You have at least three years of experience using a public Cloud; AWS, GCP, Azure, Softlayer or OpenStack
You are comfortable writing software to automate API-driven tasks at scale. SRE use Python and Go regularly but are also encouraged to contribute to the product codebase in Java, Scala, and Python.
You have used Ansible, Puppet, Chef or another config management suite, know where it’s broken, and open to trying new alternatives
Key Skills
Healthy knowledge of Linux (have compiled your own kernel at some point, know how to trace syscalls, understand TCP, care about the difference between sysvinit/runit/systemd, etc.)
Relentless desire to automate and build software tools
Desire to represent work in git, driven by a GitHub workflow through issues and pull requests
Love open source development, and have contributed to some project somewhere (doesn’t have to be ours), whether through mailing lists, patches, documentation, etc.

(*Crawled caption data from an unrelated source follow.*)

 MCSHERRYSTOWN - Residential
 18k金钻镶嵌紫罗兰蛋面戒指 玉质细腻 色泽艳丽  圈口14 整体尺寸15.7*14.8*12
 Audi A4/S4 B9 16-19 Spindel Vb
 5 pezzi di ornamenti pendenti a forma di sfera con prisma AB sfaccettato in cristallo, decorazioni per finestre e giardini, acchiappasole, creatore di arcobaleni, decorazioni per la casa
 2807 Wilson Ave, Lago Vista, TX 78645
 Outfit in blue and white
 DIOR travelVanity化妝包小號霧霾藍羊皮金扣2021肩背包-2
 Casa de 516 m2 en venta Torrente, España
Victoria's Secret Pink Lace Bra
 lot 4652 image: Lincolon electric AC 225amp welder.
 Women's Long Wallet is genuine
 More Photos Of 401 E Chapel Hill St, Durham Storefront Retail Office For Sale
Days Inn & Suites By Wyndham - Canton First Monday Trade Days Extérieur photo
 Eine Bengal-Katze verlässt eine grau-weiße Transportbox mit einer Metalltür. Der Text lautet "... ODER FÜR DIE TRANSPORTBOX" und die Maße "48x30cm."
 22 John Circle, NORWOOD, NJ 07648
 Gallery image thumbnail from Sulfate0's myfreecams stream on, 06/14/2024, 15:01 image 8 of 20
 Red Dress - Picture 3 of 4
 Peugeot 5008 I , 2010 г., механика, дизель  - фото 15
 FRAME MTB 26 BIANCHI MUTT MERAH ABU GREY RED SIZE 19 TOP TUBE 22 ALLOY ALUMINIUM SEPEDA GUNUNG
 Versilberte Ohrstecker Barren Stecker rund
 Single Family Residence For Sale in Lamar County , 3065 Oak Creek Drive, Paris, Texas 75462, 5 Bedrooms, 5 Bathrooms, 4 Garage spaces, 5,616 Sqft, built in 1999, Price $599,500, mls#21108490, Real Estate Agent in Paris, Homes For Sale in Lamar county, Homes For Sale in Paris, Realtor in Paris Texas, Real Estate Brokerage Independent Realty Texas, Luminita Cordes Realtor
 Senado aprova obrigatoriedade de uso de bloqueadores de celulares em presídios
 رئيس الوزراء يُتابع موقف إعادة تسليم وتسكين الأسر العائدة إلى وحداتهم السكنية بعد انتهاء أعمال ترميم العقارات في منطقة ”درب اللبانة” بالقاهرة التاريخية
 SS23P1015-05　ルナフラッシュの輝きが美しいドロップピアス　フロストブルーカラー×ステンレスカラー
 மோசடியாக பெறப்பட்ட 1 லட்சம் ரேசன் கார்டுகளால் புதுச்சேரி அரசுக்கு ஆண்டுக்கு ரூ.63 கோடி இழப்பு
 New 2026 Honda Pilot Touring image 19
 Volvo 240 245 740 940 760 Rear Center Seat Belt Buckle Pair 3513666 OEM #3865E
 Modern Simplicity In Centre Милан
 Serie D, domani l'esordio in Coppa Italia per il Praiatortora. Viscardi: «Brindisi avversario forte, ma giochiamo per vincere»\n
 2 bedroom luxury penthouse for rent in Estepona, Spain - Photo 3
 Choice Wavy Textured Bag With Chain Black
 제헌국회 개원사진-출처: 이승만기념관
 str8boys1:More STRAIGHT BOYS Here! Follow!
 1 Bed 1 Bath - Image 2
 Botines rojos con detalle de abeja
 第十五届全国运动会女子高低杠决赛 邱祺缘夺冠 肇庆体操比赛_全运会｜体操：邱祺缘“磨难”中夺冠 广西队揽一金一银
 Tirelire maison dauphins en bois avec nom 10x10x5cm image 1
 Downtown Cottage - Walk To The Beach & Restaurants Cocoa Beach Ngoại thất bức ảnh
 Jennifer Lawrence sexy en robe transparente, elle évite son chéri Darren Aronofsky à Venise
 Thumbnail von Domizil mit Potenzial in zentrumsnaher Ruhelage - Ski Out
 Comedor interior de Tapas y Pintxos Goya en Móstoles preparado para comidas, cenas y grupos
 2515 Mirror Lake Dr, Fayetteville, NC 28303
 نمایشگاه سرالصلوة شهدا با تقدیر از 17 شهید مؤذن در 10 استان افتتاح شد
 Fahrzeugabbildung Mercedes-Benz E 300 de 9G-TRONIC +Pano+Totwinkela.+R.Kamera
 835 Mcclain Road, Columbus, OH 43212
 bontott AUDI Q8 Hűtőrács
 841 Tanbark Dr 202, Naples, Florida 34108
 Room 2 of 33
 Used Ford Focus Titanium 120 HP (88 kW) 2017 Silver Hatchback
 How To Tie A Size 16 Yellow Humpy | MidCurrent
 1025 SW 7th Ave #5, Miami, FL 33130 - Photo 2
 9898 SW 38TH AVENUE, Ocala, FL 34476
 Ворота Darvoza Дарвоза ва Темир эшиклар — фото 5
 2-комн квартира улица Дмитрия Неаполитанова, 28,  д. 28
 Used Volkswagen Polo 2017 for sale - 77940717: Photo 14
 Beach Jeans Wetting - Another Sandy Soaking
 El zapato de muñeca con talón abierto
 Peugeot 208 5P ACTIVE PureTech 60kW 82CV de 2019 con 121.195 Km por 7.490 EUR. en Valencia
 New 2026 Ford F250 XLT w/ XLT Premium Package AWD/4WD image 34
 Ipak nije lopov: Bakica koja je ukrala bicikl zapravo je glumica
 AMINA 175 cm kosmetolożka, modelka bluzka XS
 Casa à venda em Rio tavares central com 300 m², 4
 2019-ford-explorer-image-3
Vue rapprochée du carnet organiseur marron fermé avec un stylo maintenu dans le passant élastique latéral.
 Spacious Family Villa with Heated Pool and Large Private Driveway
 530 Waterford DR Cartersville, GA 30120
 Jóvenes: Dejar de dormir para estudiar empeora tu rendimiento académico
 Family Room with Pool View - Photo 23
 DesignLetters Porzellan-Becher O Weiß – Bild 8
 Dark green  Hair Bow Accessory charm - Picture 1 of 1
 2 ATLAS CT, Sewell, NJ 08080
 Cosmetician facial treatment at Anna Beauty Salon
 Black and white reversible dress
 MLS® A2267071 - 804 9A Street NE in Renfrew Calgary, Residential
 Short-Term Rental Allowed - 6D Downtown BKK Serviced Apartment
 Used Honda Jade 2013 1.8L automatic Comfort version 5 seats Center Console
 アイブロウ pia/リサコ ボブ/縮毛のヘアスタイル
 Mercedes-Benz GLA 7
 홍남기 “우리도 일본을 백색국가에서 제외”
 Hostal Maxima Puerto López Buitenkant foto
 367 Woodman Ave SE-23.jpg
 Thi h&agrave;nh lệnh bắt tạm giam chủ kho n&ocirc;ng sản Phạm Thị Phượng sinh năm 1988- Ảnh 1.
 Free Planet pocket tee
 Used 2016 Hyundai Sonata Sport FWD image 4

Enjoy working remotely and the communication it requires
Love a diverse environment, working with men and women all over the world
Additional Information
Competitive pay and benefits
Stock options
Catered lunches, snacks, and beverages in most offices
An environment in which you can balance great work with a great life
Passionate people building great products
Employees with a wide variety of interests
Distributed-first company with employees in over 30 countries, spread across 18 time zones, and speaking over 30 languages!